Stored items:
------

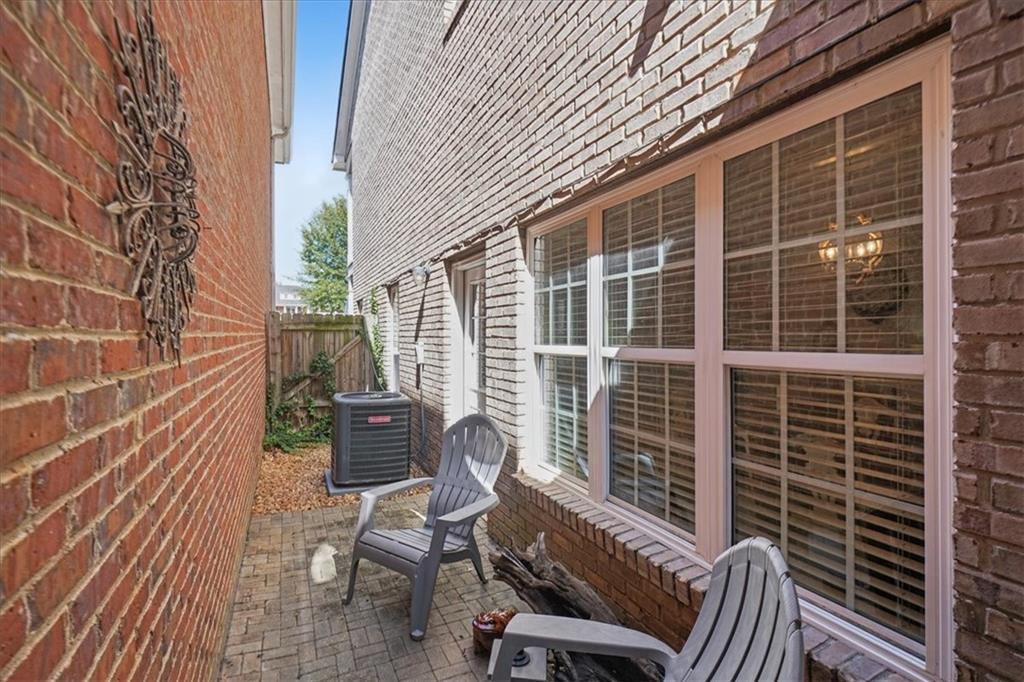 18 Park Circle Property Photo 40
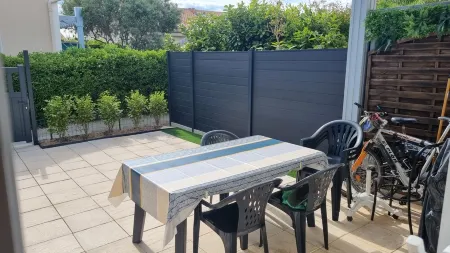 Appartement Dans Résidence Sécurisé Avec Piscine Отели в г. Палава-Ле-Фло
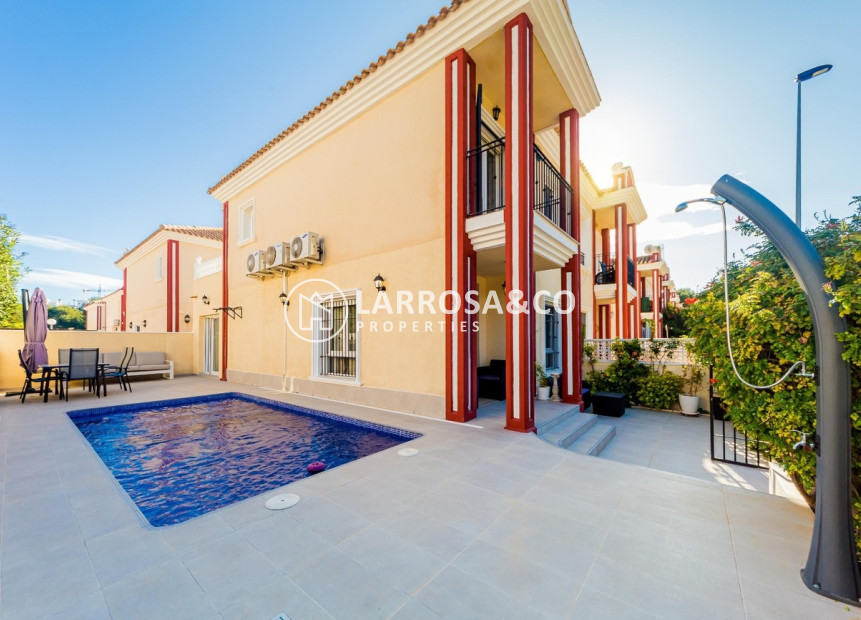 Herverkoop - Bungalow - Dehesa de Campoamor - Costa Blanca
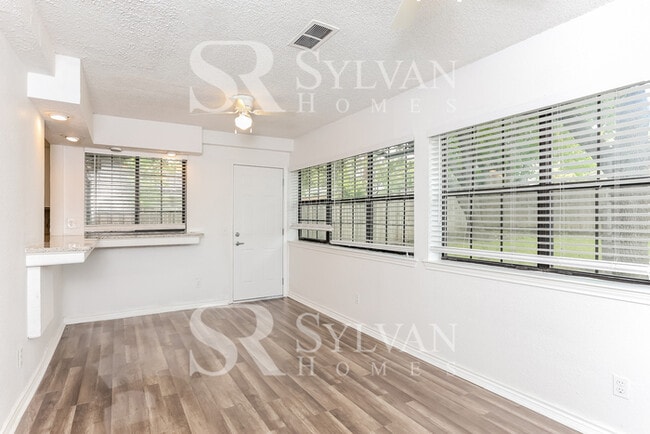 Building Photo - Feel welcome and comfortable in this spacious 3BR 2.5BA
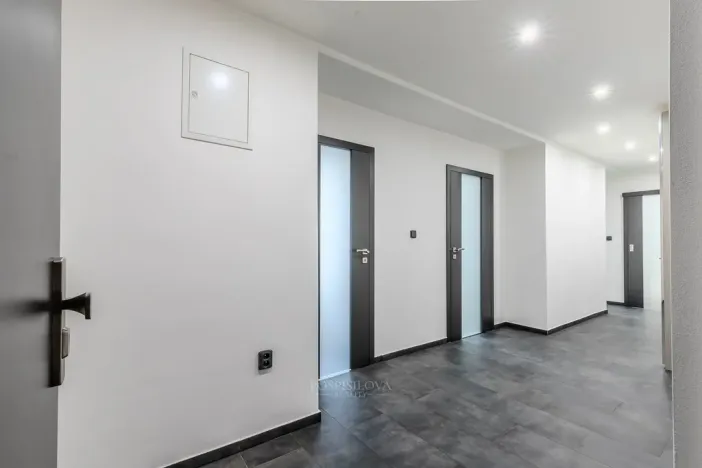 Prodej bytu 2+1, Kladno, gen. Píky, 62 m2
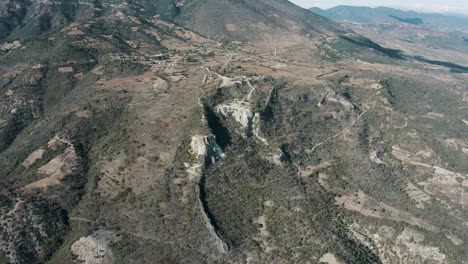 Aerial-view-of-Hierve-el-agua-rock-formations-and-natural-pools-in-Oaxaca,-Mexico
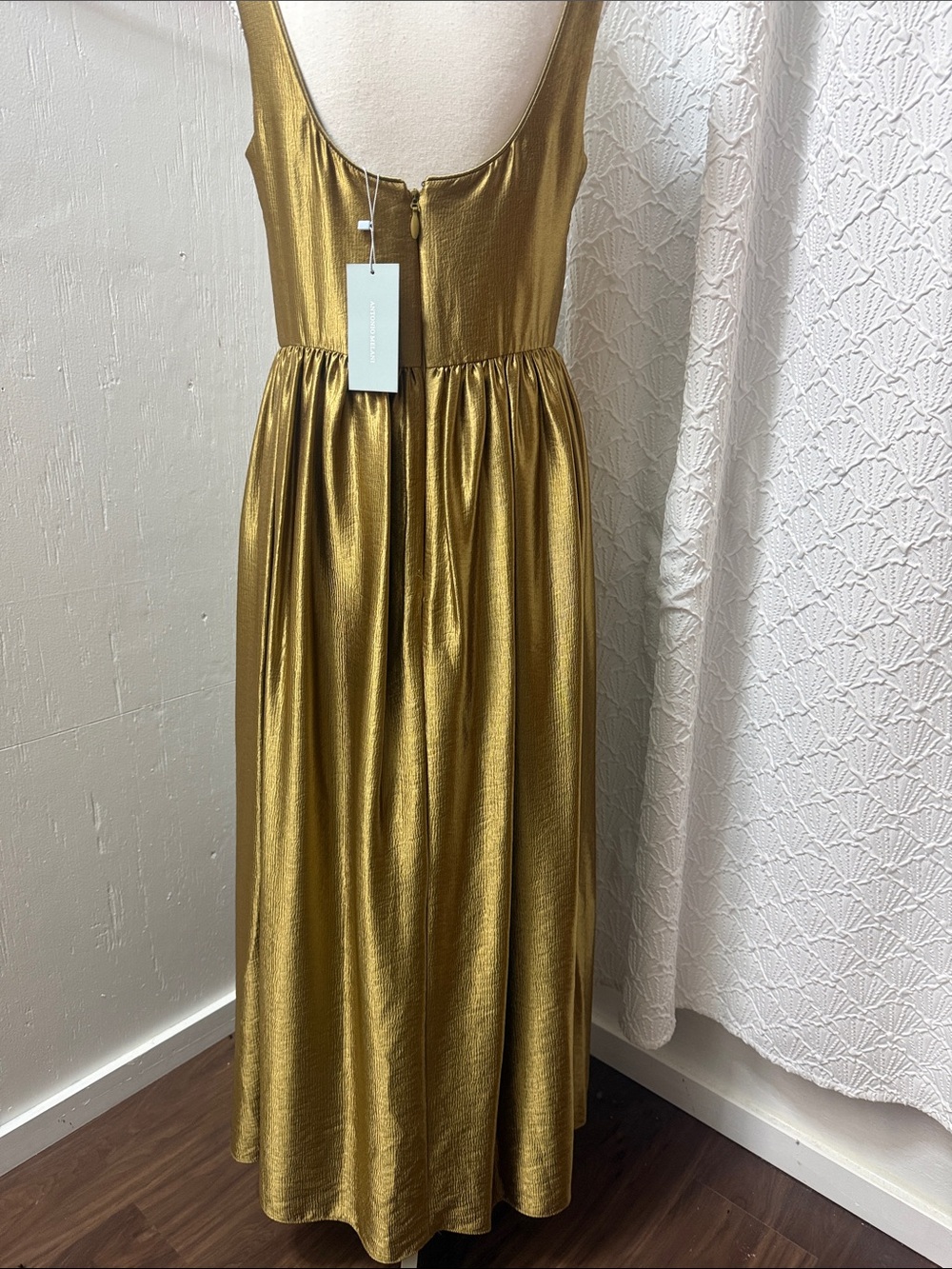 ANTONIO MELANI Metallic Gold Maxi Dress with Scoop Neck - Picture 7 of 15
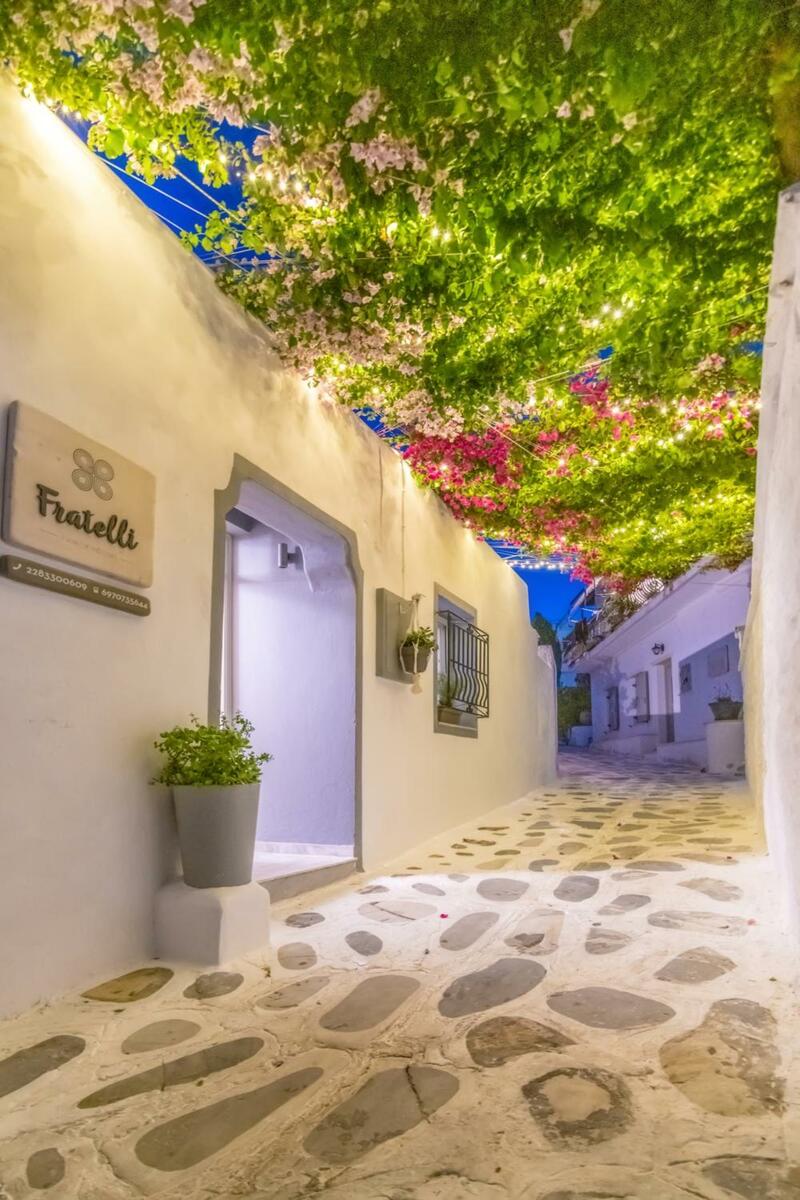 Fratelli Family Rooms, Tinos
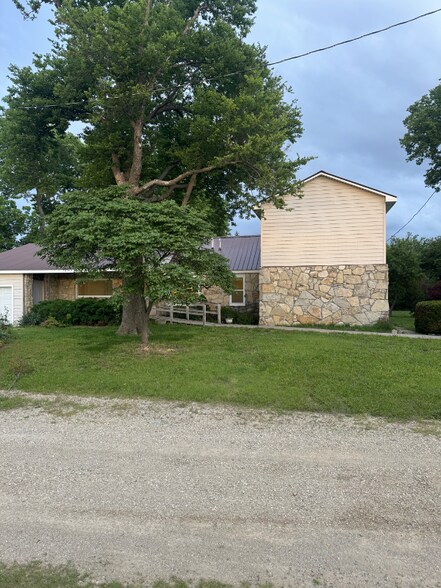 Building Photo - 2640 W 56th Ave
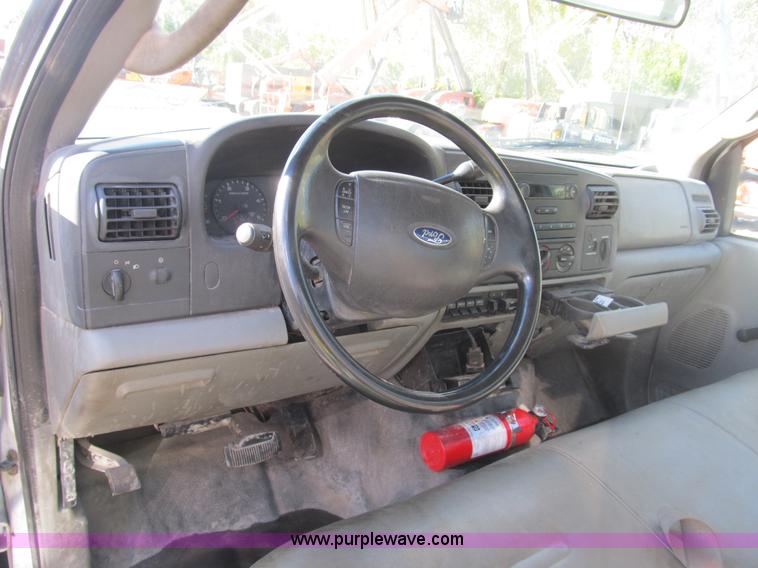 image for item B2922 2005 Ford F250 Super Duty XL pickup truck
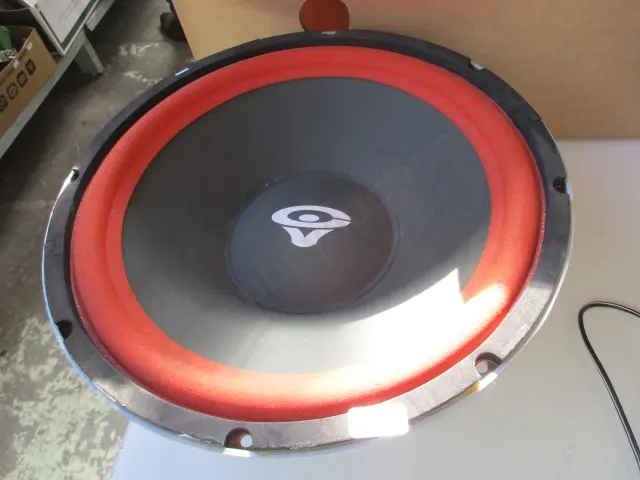 Speaker Image 1++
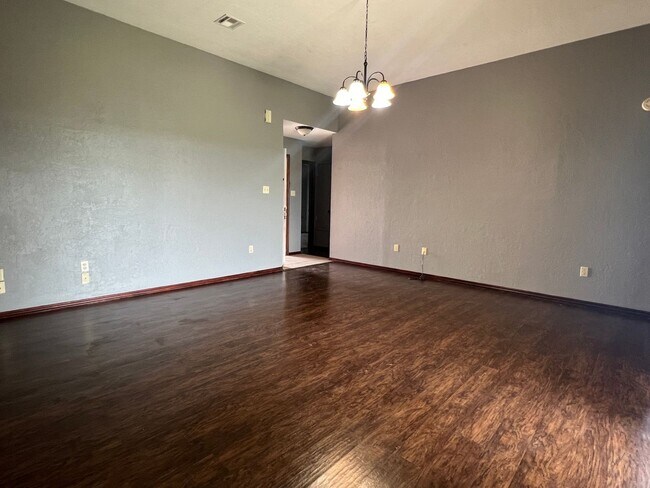 Building Photo - 4016 SW Mesquite Dr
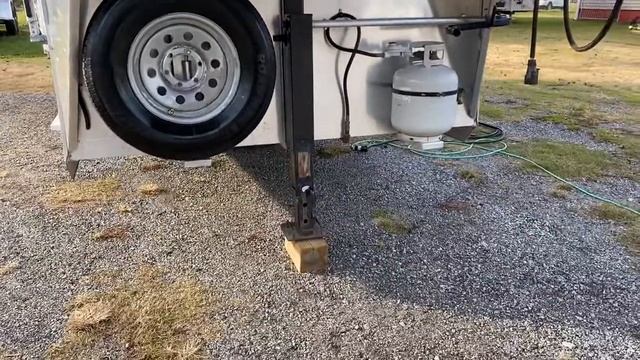 2014 Shadow 2 Horse Trailer, 6' Full Compact LQ!!! Model: Select 6906 смотреть онлайн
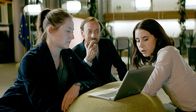 Parlament – Guido schaut sich die Entwicklung von Rose und Magdas Podcast an. (v. l. n. r. Barbara Krzoska, Niccolo Senni, Liz Kingsman).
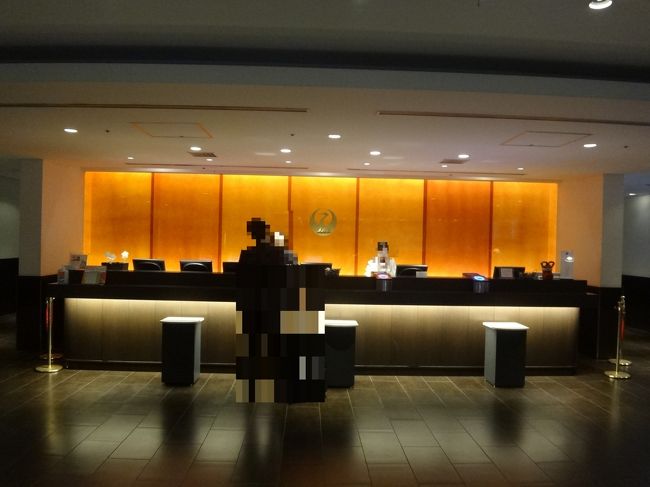 羽田空港国内線第1旅客ターミナル 北ウイング3F<br /><br />日本航空『サクララウンジ』北ウイングのレセプションカウンターの写真。<br /><br />一般のお客様も有料（1名3,000円）で『サクララウンジ』の利用が可能です。<br />（JALホームページを通じての事前予約が必要です。）<br /><br />＜座席数＞<br />約390席（喫煙エリアあり）<br /><br />＜設備＞<br />ファックス（送信のみ）、無線LANサービス、喫煙室、トイレ<br /><br />＜サービス内容＞<br />ソフトドリンク、アルコール類、おつまみ、新聞、雑誌<br /><br />＜営業時間＞<br />5:30～最終便出発まで<br /><br />http://www.jal.co.jp/dom/service/lounge/hnd/sakura.html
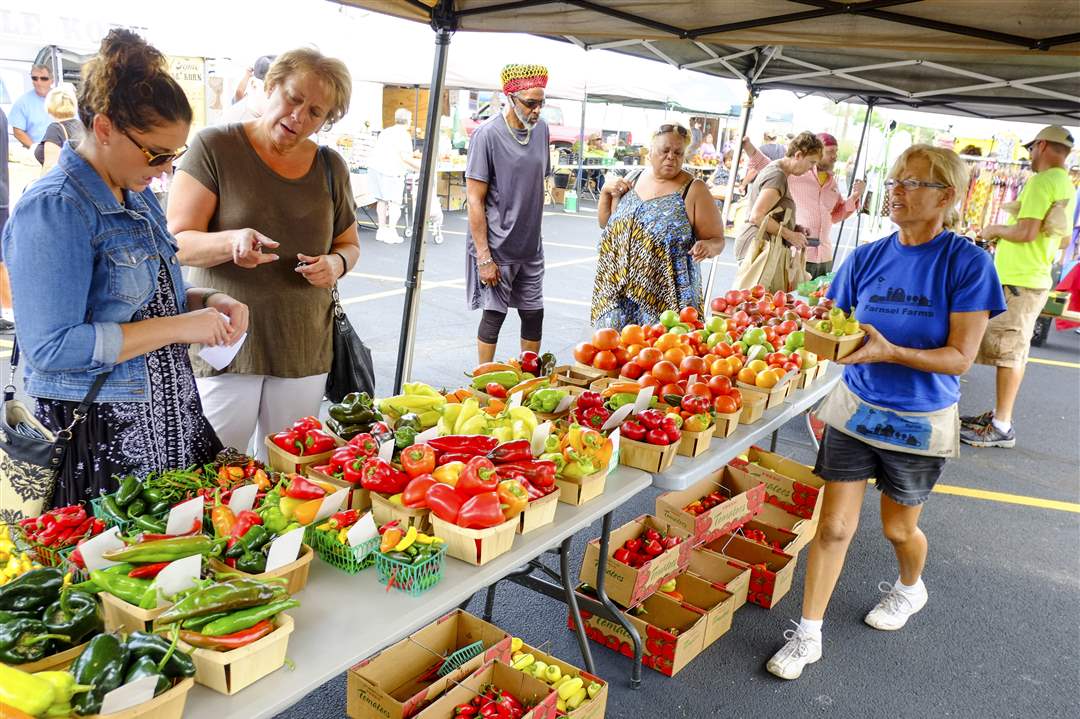 MAG-farmersmarketmag11Donna-Farnsel-right-of-Fa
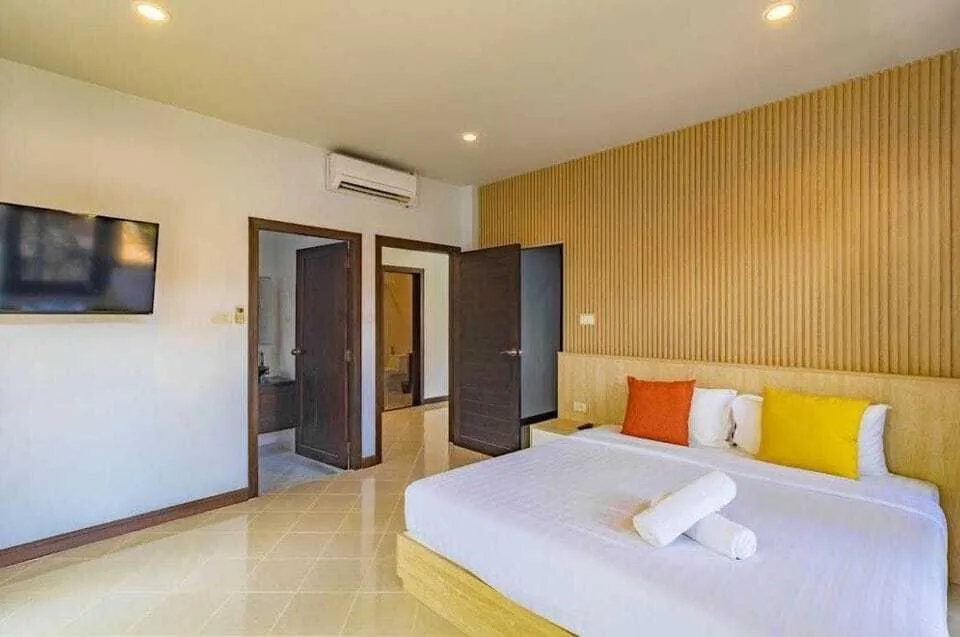 3 bedroom with private pool villa in Choeng Thale — Miniature 5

------

• _Problem description_:
Go back to the entries above and restate word for word every line from the first through the one that contains "Building Photo - Feel", leaving the pictures behind.

• _Exercise solution_:
 18 Park Circle Property Photo 40
 Appartement Dans Résidence Sécurisé Avec Piscine Отели в г. Палава-Ле-Фло
 Herverkoop - Bungalow - Dehesa de Campoamor - Costa Blanca
 Building Photo - Feel welcome and comfortable in this spacious 3BR 2.5BA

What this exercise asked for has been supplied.